To install PacBio Data Processing, a Python interpreter is needed in your system since the package is written in Python. The recommended version of Python is 3.9. Strictly speaking the code should work with a less recent versions, but some dependencies will require anyway Python-3.9.

If you are using Linux, it is likely that Python is already present in your system. Check it out with:

$ python --version

or

$ python3 --version

You know that Python is in your system if you get as output something like (your mileage may vary):

Python 3.9.6

Installing Python

If you don’t have Python, or you have an old version, you can either use your system’s package manager to install a recent version of Python, or visit the official Python site, where there is a link to Download Python. Then install Python using the downloaded file.

If you download the sources (typically a file ending in .tgz, .tar.xz or similar) the procedure is relatively simple:

  1. untar the file. For instance:

    tar xf Python-3.9.7.tgz
    
  2. Enter in the created directory with the sources:

    cd Python-3.9.7
    
  3. Open the README.rst file and follow the instructions in its Build Instructions section. They schematically amount to:

    ./configure
    make
    make install
    

    but the README.rst file gives some useful hints.
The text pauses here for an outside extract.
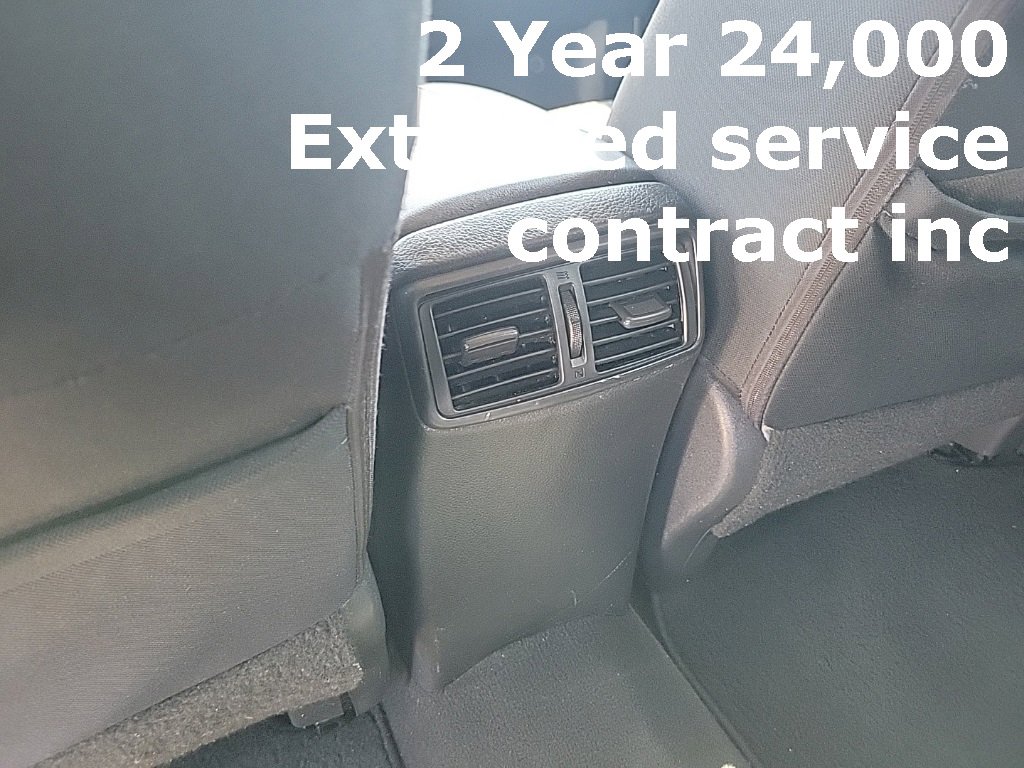 Used 2019 Nissan Rogue SV image 35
In case you need/want to learn more about the installation process, you might be interested in reading this Python installation guide.

Other dependencies

PacBio Data Processing delegates some tasks to external tools. Therefore, the next is a list of external dependencies:

These dependencies are required to be present in your system in order to use some tools provided by PacBio Data Processing. You need to install them if they are absent in your system.

Virtual environment

It is optional but highly recommended to use a virtual environment (or a variant thereof) to install PacBio Data Processing. In this document we will use the standard library’s venv module.

A virtual environment (or venv for short) allows us to have the required set of packages independently of the system-wide packages installed. This has several advantages. First, it will help you produce an isolated mess in case something goes wrong, but it also allows us to decide the version of any package we are interested in. irrespective of what other venv’s need, or what the system needs.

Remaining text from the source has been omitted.